Recently there has been a massive increase in interest for land and nature based climate mitigation and adaptation. But unfortunately many of these pose grave threats to peoples’ collective rights over their land and territories with a new wave of land grabbing for conservation projects but also via the commodification and integration of nature into financial markets — what we call the financialization of nature.

A key issue is so called “negative emissions technologies” or NETs which aim to remove carbon from the atmosphere — industrial countries and corporate emitters are now relying on NETs due to their historical failure to reduce emissions as rapidly as needed in line with climate justice demands.

One prominent corporate NETs scheme is to grow and burn massive areas of trees and crops for bioenergy and then store the carbon emitted in underground bunkers. This is known as bioenergy with carbon capture and storage or BECCS and estimates suggest BECCS could require up to 3000 million hectares of land globally. Other options for NETs are so called ‘natural climate solutions’ or ‘nature based solutions’ which can include forest restoration, reforestation and afforestation. Each of these will have differing impacts on the environment, land and peoples’ rights depending on who controls them and how they are implemented.

Corporations are already seeing nature based solutions as an opportunity to offset their emissions. Offsets allow historically big polluters like oil companies to continue emitting and pass on their responsibility to reduce emissions onto conservation projects in communities in the Global South. Offsetting does not reduce overall emissions and will therefore exacerbate climate impacts on land. It is also unjust as it retains and extends control over territories by those most responsible for climate change. Offsetting amounts to a double land grab because corporations end up controlling land use at two locations — the site they are destroying and the location they are claiming as offset.

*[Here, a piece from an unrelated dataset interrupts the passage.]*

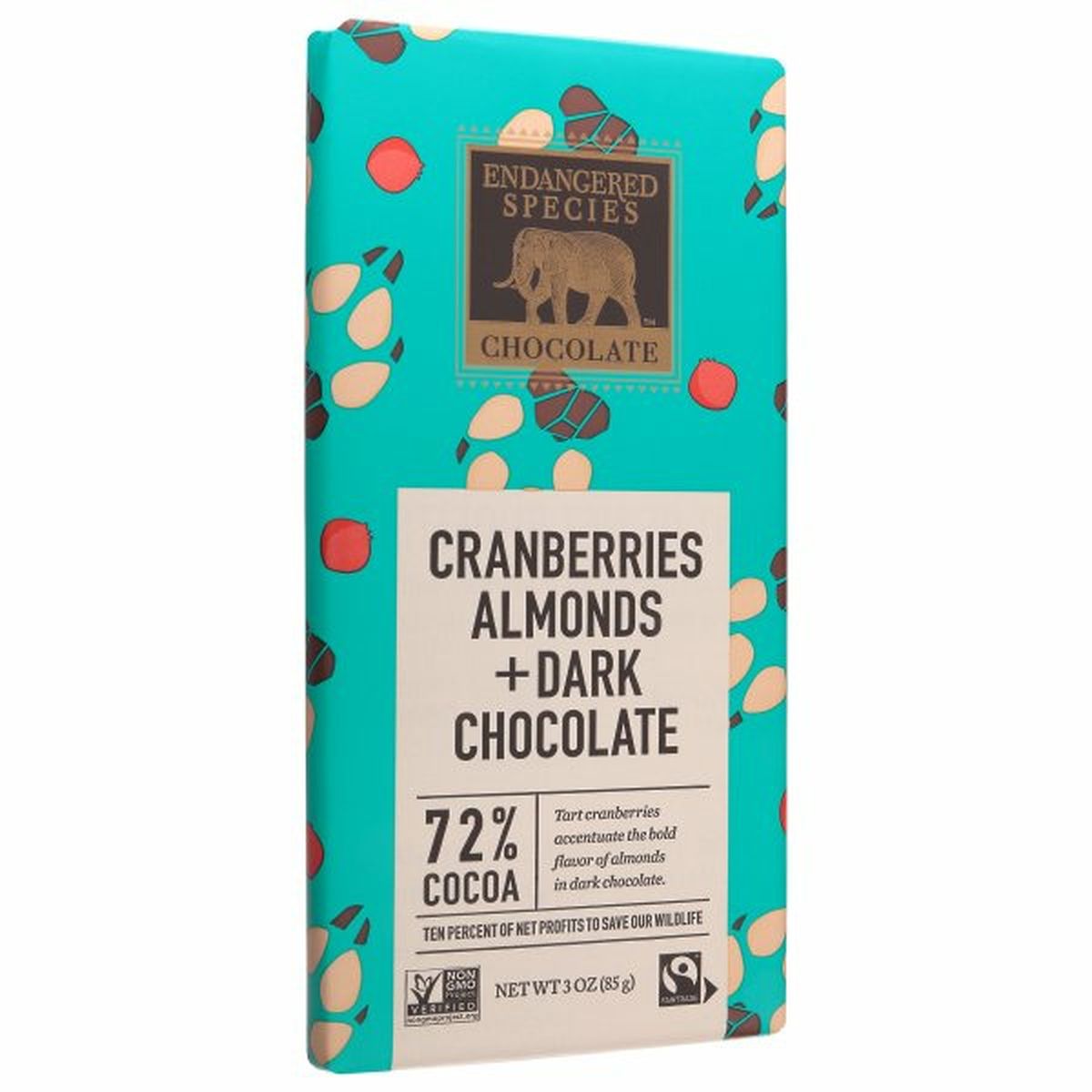 Calories in Endangered Species Chocolate, Cranberries Almonds + Dark Chocolate, 72% Cocoa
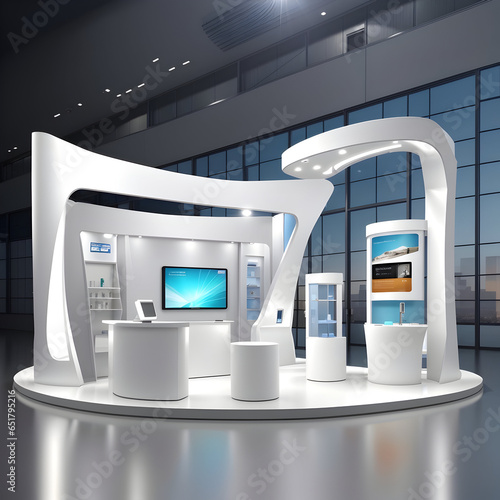set of realistic trade exhibition stand or white blank exhibition kiosk or stand booth corporate commercial.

On the other hand decentralised solutions to the environmental and land grabbing crises, based on ecological, autonomous control and governance by Indigenous people, forest peoples, small scale food producers of their own land and territories – such as agroecology for food sovereignty and community forest management – are possible and are gaining importance as solutions for environmental justice.

Community forest and territorial management is the best way to preserve ecosystems such as forests, mangroves, wetlands and water bodies. Agroecology cools the climate by removing the need for fossil fuels, recycling nutrients on farms, re-localizing food systems and stopping the destruction of the environment for the production of agricultural commodities for profit. As ever it is vital that land justice and environmental justice movements work together to expose false solutions and demonstrate our own vision for a just future.